Unterdessen nehmen die aufgelaufenen Verluste der “Reality Labs” gigantische Ausmaße an. Seit 2019 summiert sich der Fehlbetrag auf rund 43 Mrd. Dollar, 45 Mrd. wenn der Kauf von Oculus (2014) hinzugerechnet wird, mit dem das Soziale Netzwerk den Grundstein für seine Metaverse-Strategie zu legen hoffte. Indes bleibt die futuristische Brille, mit der Nutzer in neue virtuelle Realitäten eintauchen sollen, bisher ein Nischenprodukt und ist keinesfalls eine Triebfeder des Geschäfts. Verglichen mit den Verlusten sind die Umsätze der “Reality Labs” mit zuletzt rund 2,5 Mrd. Dollar im Jahr geradezu kümmerlich und die Perspektiven enttäuschend.

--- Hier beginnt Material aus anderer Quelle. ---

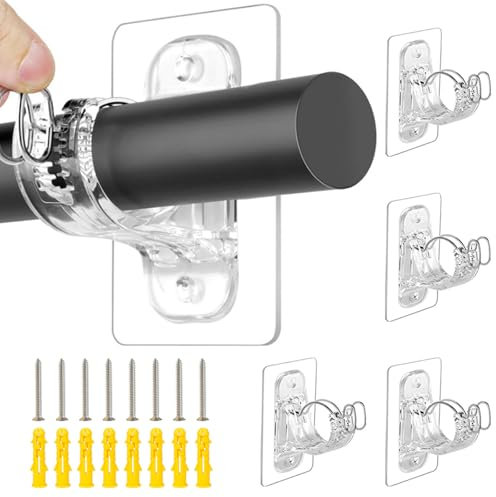 Funnaura 4 Pcs Self Adhesive on Curtain Stick Hooks Rod Holder, No Drill Curtain Pole Brackets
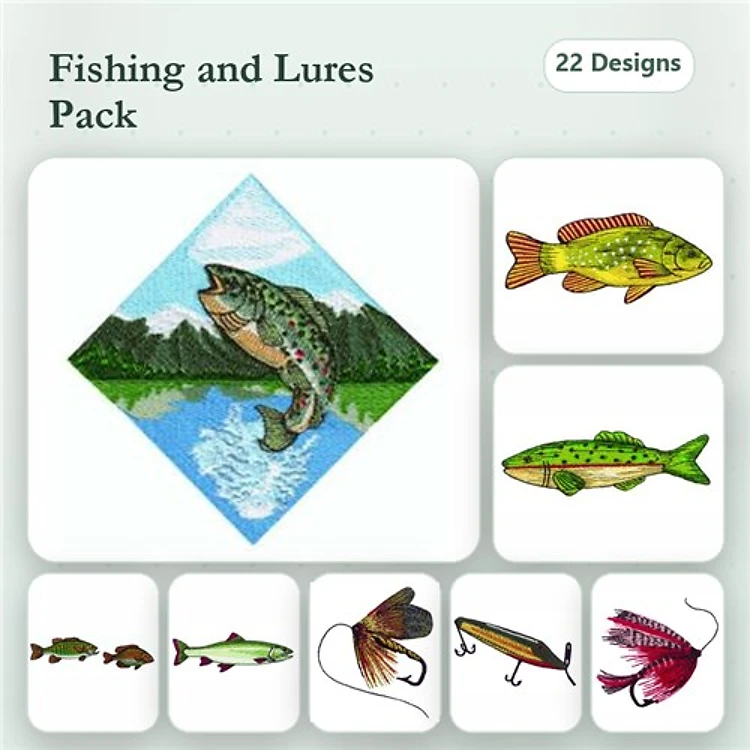 Fishing and Lures Embroidery Bundle – Leaping Trout, Bass Fish, Fishing Hook & More (23 Designs)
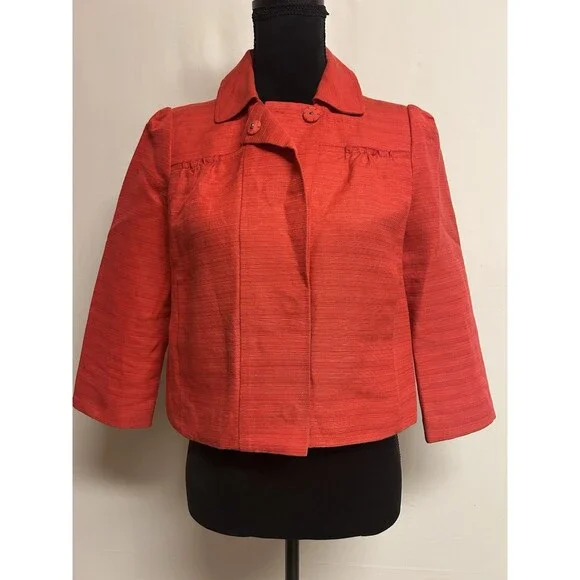 Tory Burch Blazer Womens 4 Cropped Silhouette 3/4 Sleeves Collard Snap Buttons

Im Metaverse fehlt es für private Nutzer in der Breite generell an überzeugenden Applikationen, die geeignet wären, eine Initialzündung für die Skalierung des Geschäfts zu sein. Ohne diese lässt sich im Internet kein Geld verdienen. Eine Brille allein kann dabei kein Gamechanger sein, das hat Oculus deutlich gezeigt. Rivale Apple zieht Jahre später dennoch mit einem eigenen Modell ins Feld. Und obwohl die Vision-Brille hochpreisig ist wie jedes neue Apple-Produkt, sind die Chancen des iPhone-Konzerns ungleich besser. Denn Apple hat ebenso wie Google etwas, das Meta fehlt: einen gigantischen App-Store und eine Riesen-Entwickler-Community, die den Unternehmen die teure Entwicklerarbeit auf der Anwenderseite abnimmt und automatisch Reichweite generiert. Die Meta-Aktionäre müssen dagegen fürchten, dass der Konzern Geld in ein Fass ohne Boden füllt. Für Vorschusslorbeeren ist es jedenfalls zu früh.